• _Exercise directions_
Reproduce exactly the lines below, from the first one through the line containing "f9dd1056-b259-4847-8492-eb9f4efcc601.jpeg", and omit any pictures.

::: Source records :::

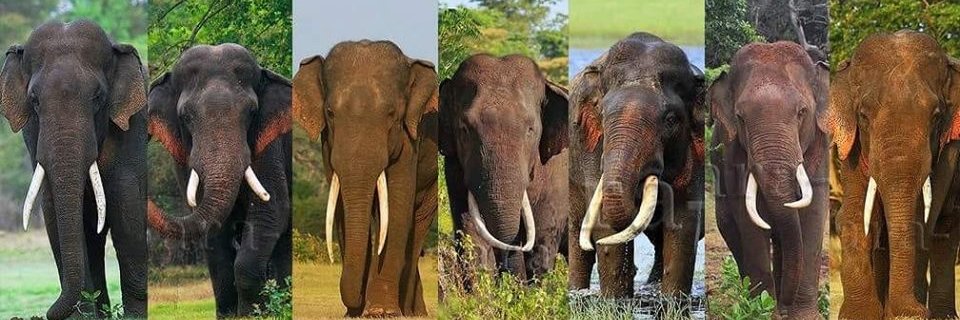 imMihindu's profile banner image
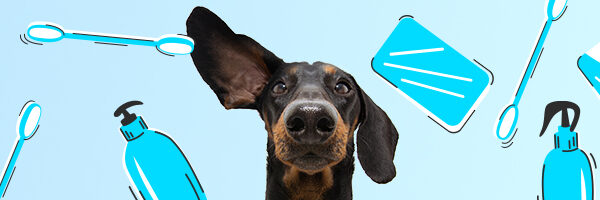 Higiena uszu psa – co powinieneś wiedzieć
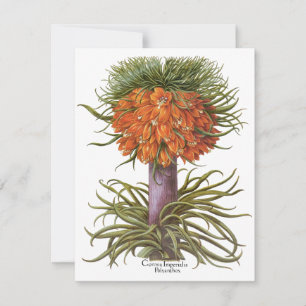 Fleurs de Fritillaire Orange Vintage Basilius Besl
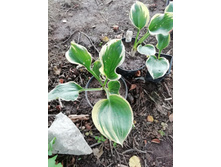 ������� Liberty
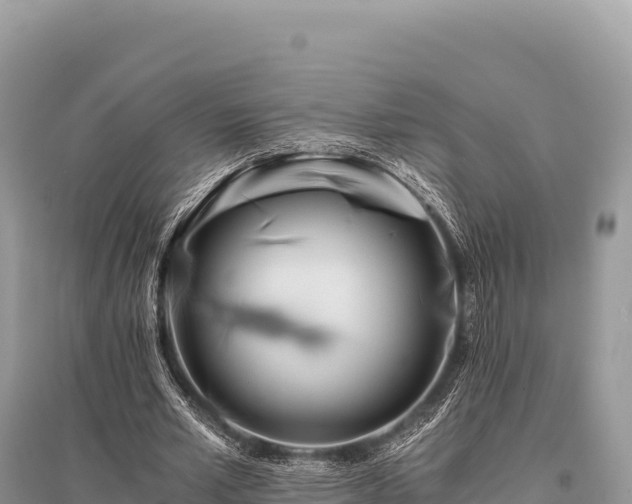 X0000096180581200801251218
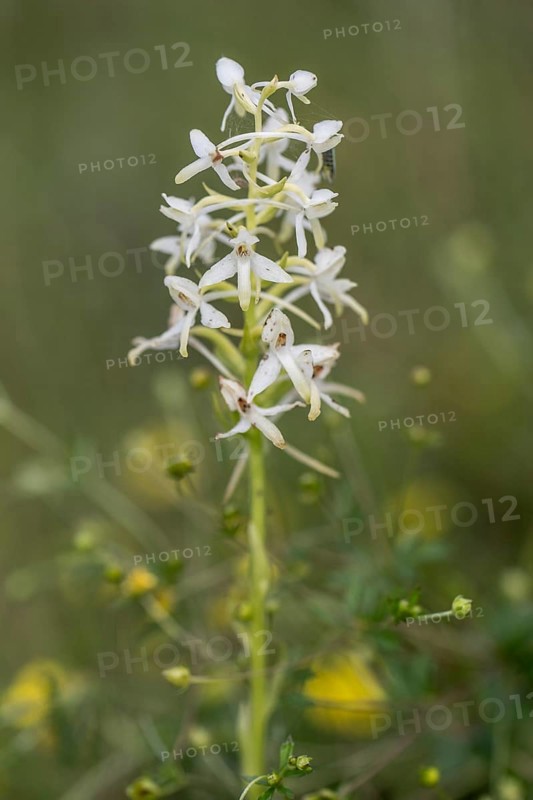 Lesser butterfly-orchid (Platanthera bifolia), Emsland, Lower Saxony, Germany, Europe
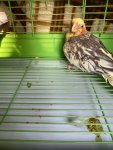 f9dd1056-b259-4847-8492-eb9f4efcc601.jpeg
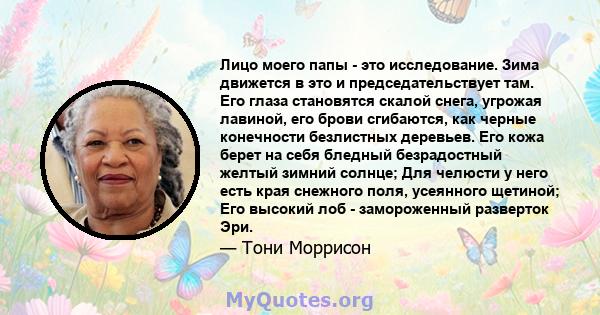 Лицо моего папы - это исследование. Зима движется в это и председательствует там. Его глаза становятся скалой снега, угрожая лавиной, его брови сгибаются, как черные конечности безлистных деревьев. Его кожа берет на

:::

• _Output of the exercise_
 imMihindu's profile banner image
 Higiena uszu psa – co powinieneś wiedzieć
 Fleurs de Fritillaire Orange Vintage Basilius Besl
 ������� Liberty
 X0000096180581200801251218
 Lesser butterfly-orchid (Platanthera bifolia), Emsland, Lower Saxony, Germany, Europe
 f9dd1056-b259-4847-8492-eb9f4efcc601.jpeg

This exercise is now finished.